## Material to process
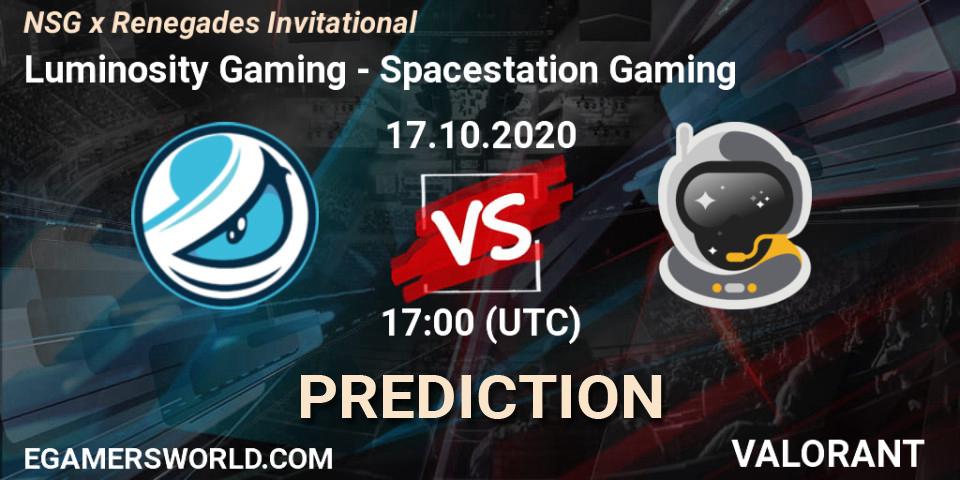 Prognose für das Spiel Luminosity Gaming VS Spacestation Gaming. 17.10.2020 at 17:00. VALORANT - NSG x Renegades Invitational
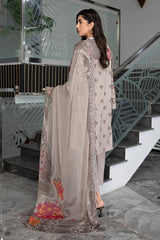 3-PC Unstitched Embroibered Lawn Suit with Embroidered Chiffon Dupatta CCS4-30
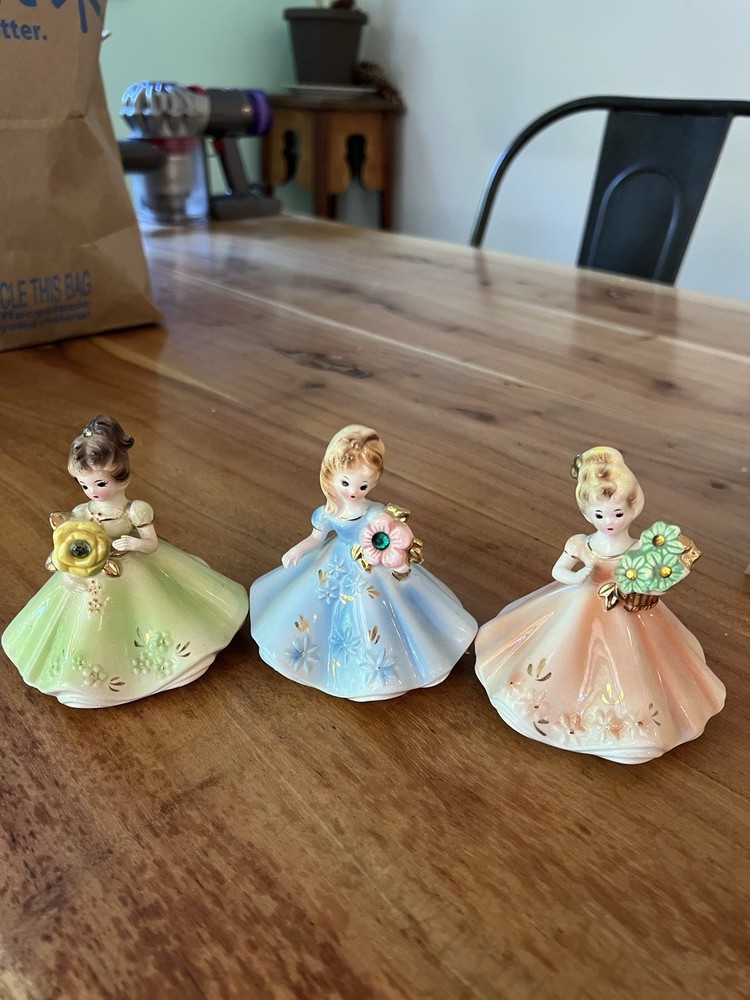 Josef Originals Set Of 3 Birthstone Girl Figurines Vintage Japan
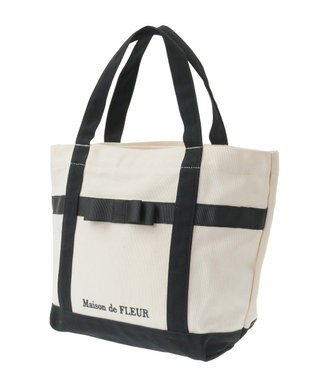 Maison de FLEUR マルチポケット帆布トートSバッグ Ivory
* * *
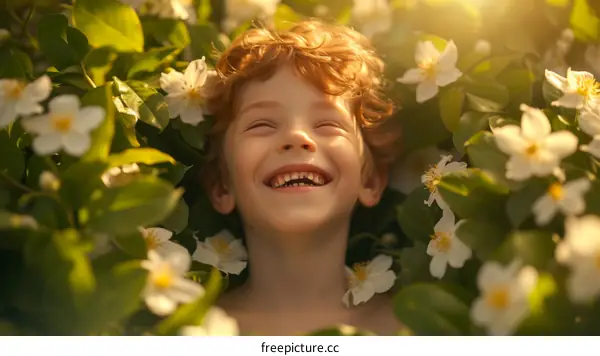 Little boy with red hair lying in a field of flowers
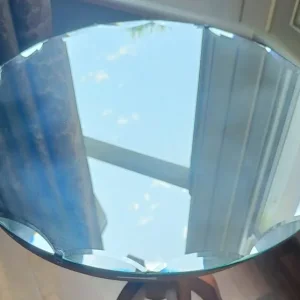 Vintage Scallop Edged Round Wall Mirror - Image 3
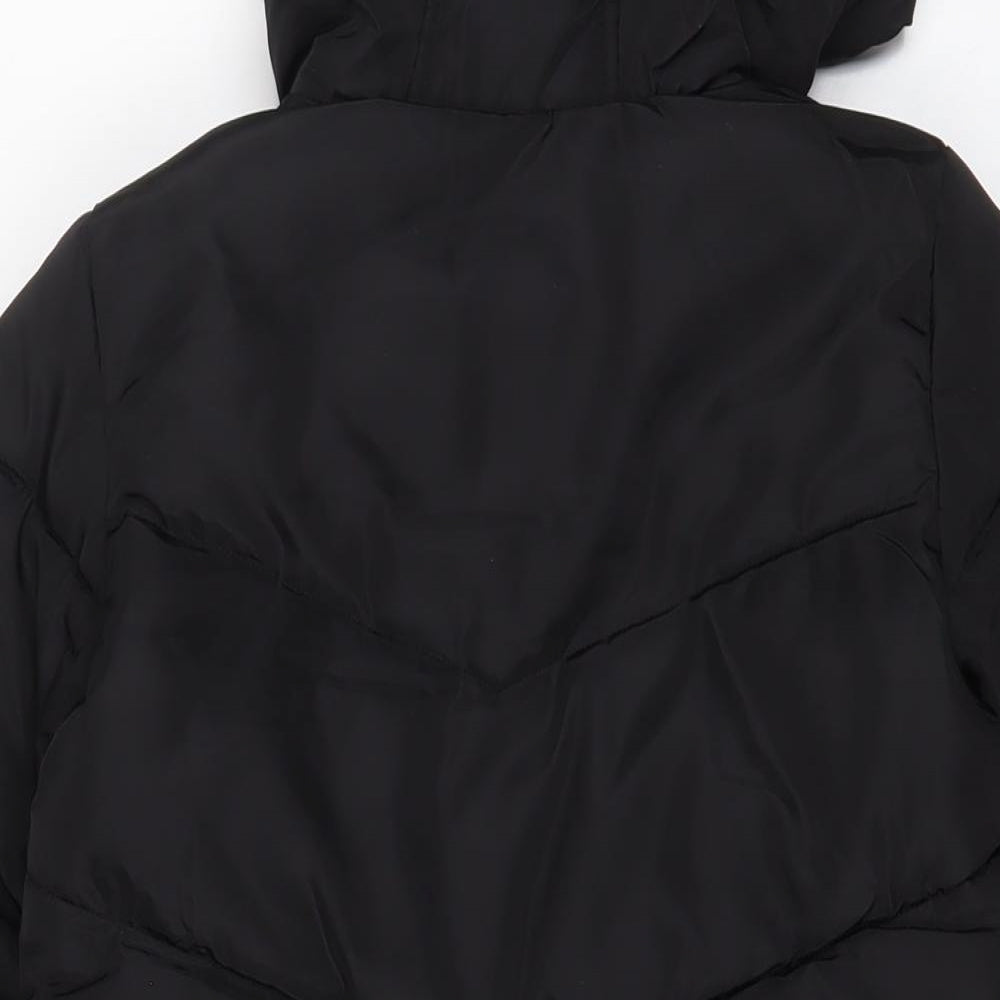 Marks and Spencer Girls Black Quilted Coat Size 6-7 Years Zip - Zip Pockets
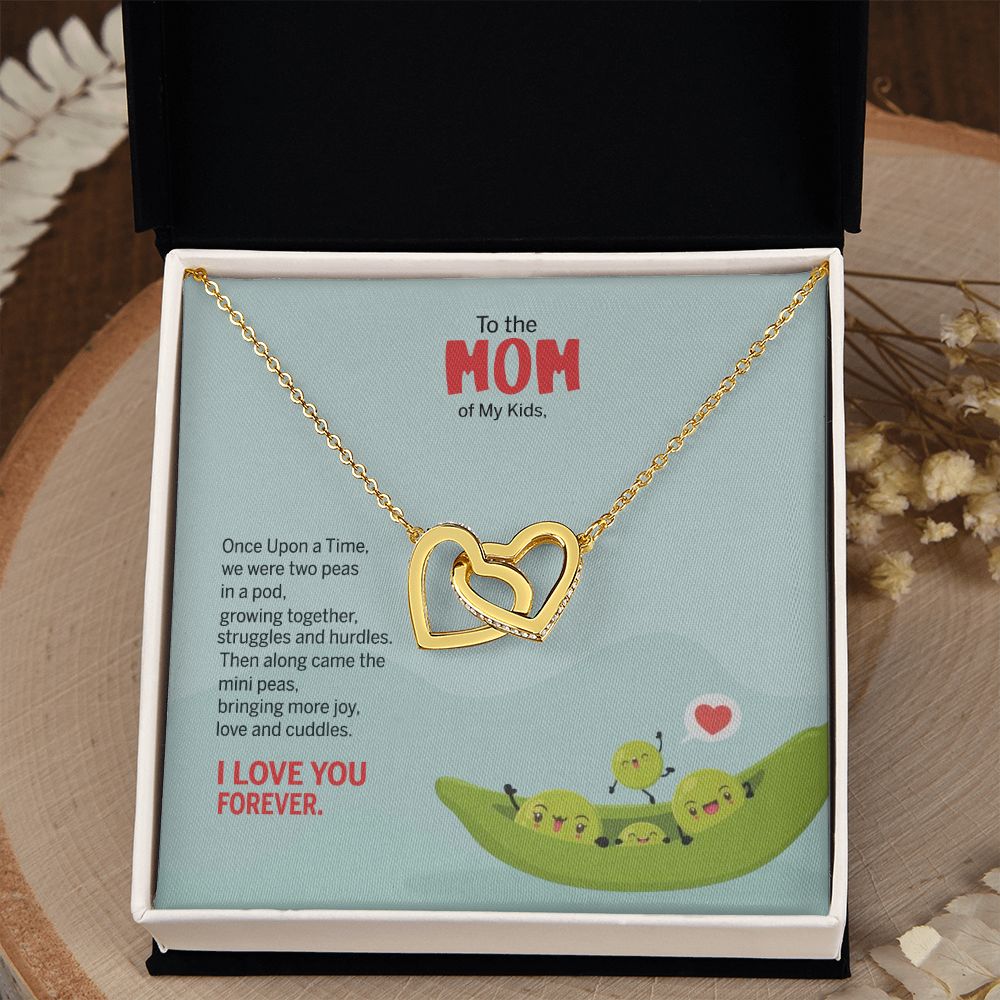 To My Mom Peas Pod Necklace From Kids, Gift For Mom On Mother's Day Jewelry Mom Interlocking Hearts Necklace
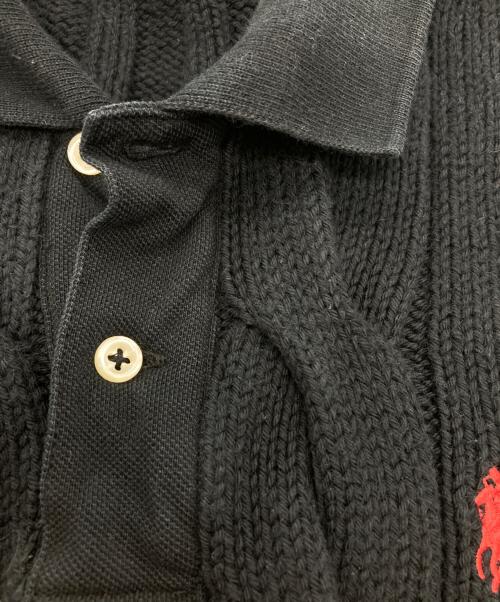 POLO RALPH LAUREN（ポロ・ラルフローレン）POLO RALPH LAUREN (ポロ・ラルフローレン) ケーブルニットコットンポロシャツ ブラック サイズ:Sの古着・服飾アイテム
* * *
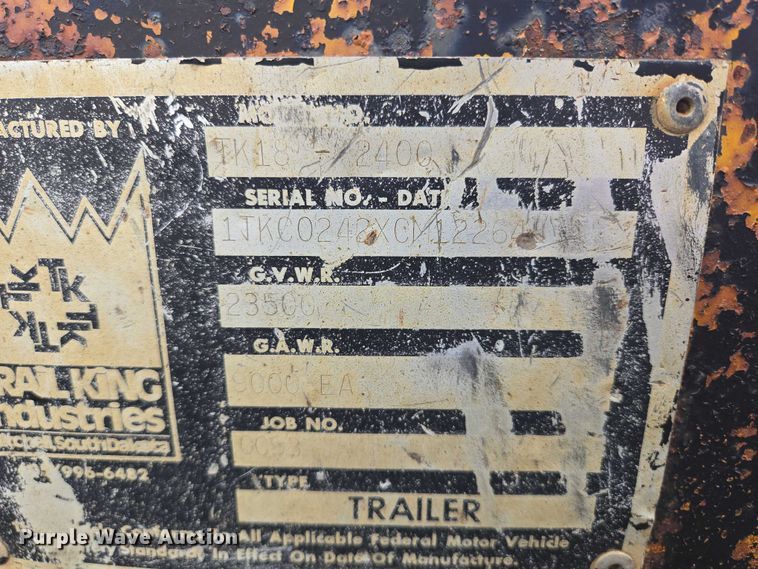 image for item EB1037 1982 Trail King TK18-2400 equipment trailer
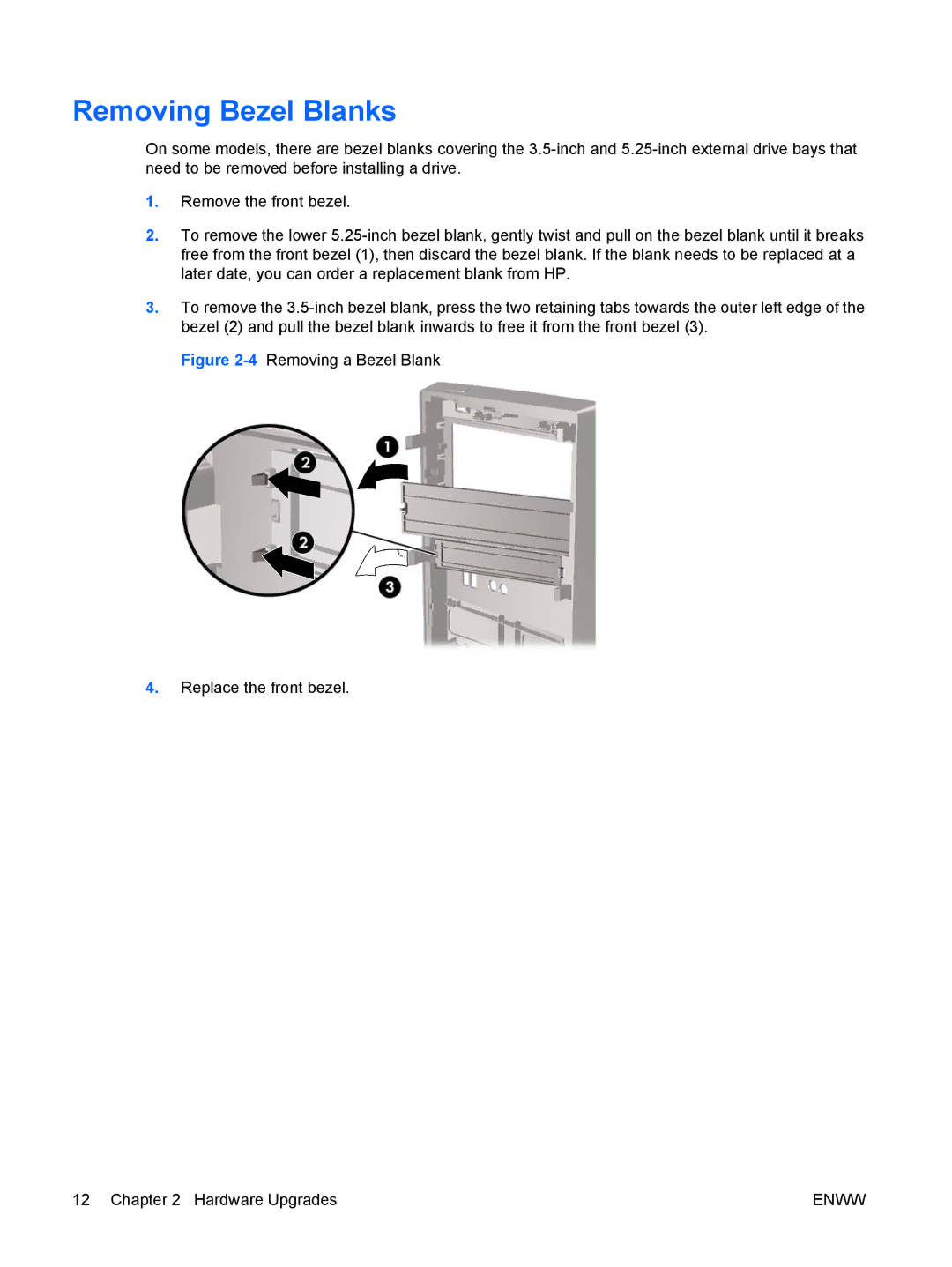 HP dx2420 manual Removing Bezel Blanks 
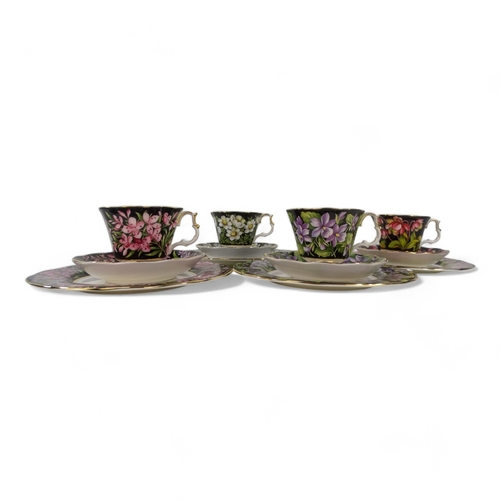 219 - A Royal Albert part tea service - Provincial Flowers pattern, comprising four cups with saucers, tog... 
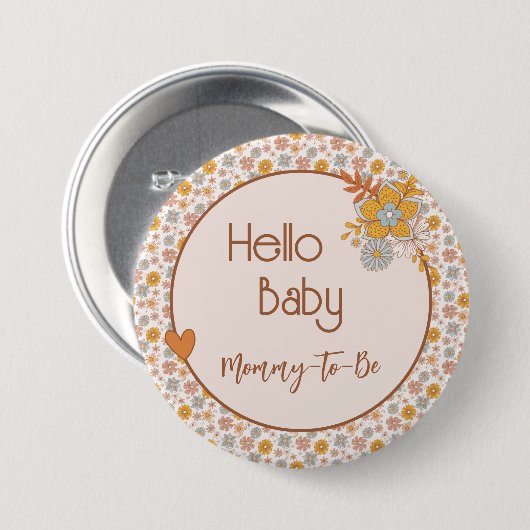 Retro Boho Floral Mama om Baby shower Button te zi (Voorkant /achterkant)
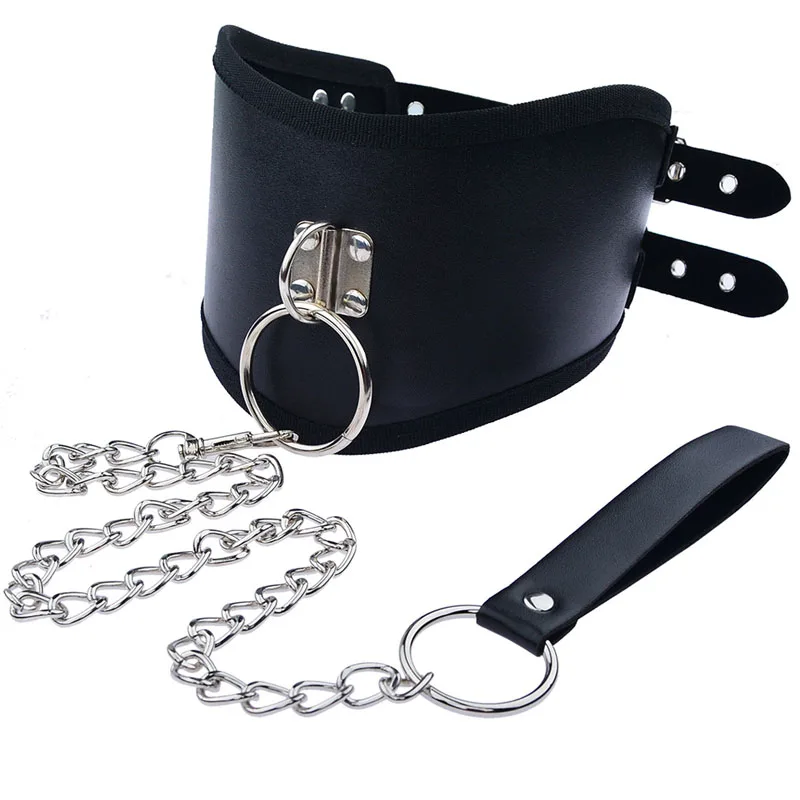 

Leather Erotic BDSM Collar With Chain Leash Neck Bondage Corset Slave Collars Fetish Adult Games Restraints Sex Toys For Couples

## Task prompt
Above is the material; set down exactly its lines from the one containing "Little boy with" down to the one containing "POLO RALPH LAUREN（ポロ・ラルフローレン）POLO", both included, leaving out any pictures.

## Solution to this exercise
 Little boy with red hair lying in a field of flowers
 Vintage Scallop Edged Round Wall Mirror - Image 3
 Marks and Spencer Girls Black Quilted Coat Size 6-7 Years Zip - Zip Pockets
 To My Mom Peas Pod Necklace From Kids, Gift For Mom On Mother's Day Jewelry Mom Interlocking Hearts Necklace
 POLO RALPH LAUREN（ポロ・ラルフローレン）POLO RALPH LAUREN (ポロ・ラルフローレン) ケーブルニットコットンポロシャツ ブラック サイズ:Sの古着・服飾アイテム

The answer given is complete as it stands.